So the dreaded idea of "the opener" advances, now promulgated not just by the Tampa Bay Tuckwilligers but by our own mighty Yankees.
Hurrah.
One argument for this is, of course, that it will save wear and tear on the pitchers. Probably so—though full-time relievers have a dicey track record on endurance, too, their effectiveness often oscillating from year to year.
Another is that pitchers tend to do less well against a lineup the third time around. Sure. There are only so many pitches, and only so many ways of throwing them.
But so what?
I'm sure you could also prove that most marathoners run slower times on the last third of their races. Maybe we should just make it 15 miles. I'm sure the marathoners would "improve."
And boy, those decathlon guys sure look tired at the end of their event. What say we cut it down to seven events? They'll probably "improve."
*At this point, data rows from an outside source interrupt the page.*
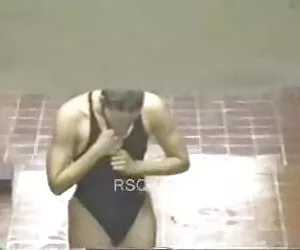 Persoana clipuri sex oral este forțată să fie soțul unui soț și își vinde soția pentru bani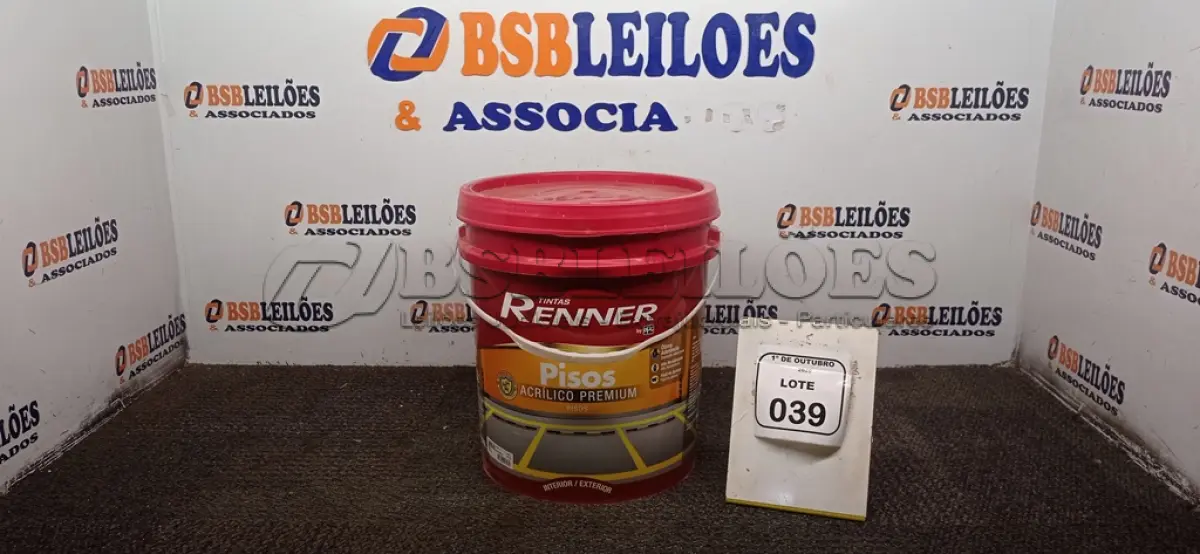 LOTE 039 - 01 BALDE DE TINTA DE PISOS ACRÍLICO PREMIUM 18L NA COR VERMELHO SEGURANÇA FOSCO MARCA RENNER.  (NO ESTADO) ATENÇÃO! FAZER A VISITAÇÃO ANTES DE ARREMATAR, NÃO SABEMOS SE FUNCIONA, LEILÃO NÃO TEM GARANTIA E NEM DEVOLUÇÃO, SUJEITO A POSSÍVEIS AVARIAS VISÍVEIS/OCULTAS E/OU AUSÊNCIA DE COMPONENTES.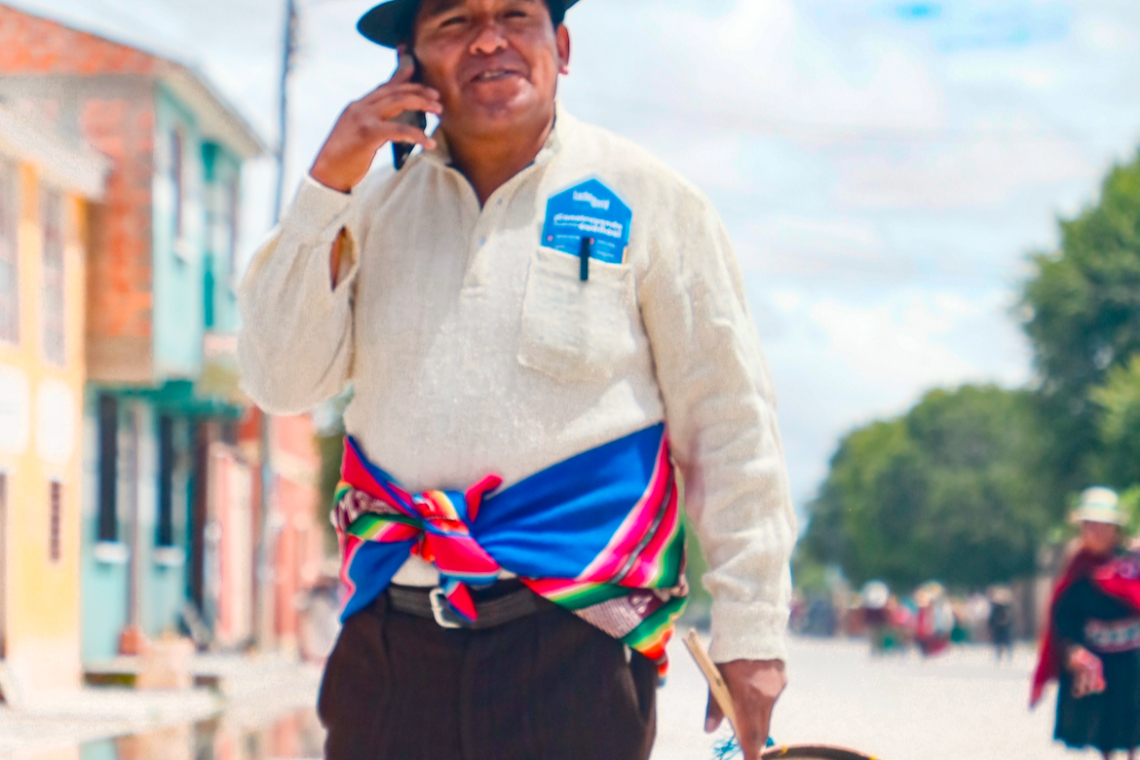 Presidente Luis Arce inaugura moderna estación radio base en Quillacas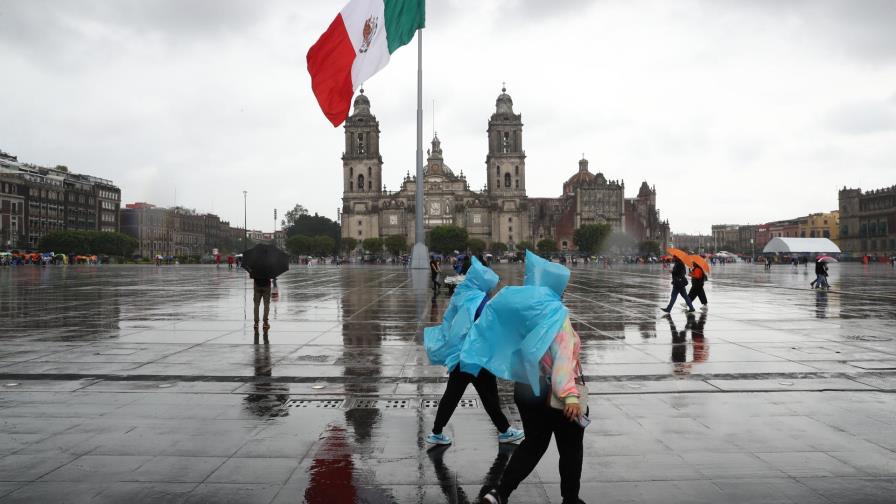 Las fuertes lluvias activan la alerta roja en la Ciudad de México y provocan inundaciones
An athletic challenge is an athletic challenge. To reduce that challenge is not to "improve" anything.
And whose arms are we saving, and for what?
The Knights of the Press Box like to point out that it helps teams like Tampa Bay to compete with their lower payrolls. Is this our goal? To increase the profit margins of undercapitalized hustlers in other cities?
Yeah, I know that will get ME out to the ballpark.
If every pitcher is going to throw 100-120 innings a year, then pitchers will be completely interchangeable. Who will care if they get hurt or not? How will we even know who the best pitchers are?
Really, why not replace them all with a pitching machine, or maybe someone's dad, or have everybody hit off a tee? That will really save those old white greedheads we call major-league owners some moola.
It's the same logic with "improving" performance.
Guys get hurt throwing the baseball? They also get hurt running into fences. Let's get rid of them. They get hurt BY thrown baseballs. Let's ban inside pitching. Throw a close pitch, and it's an automatic ejection.
They get hurt running the base paths. Let's cut down the distance between those bags to 60 feet. Hey, it's what they do in softball.
The pitcher is the hero of the ballfield. You diminish him at your peril.
Picture football with a different quarterback on every set of downs. Picture hockey where everybody is required to play goalie for five minutes (actually, that could be fun). Picture basketball as a 48-minute layup contest.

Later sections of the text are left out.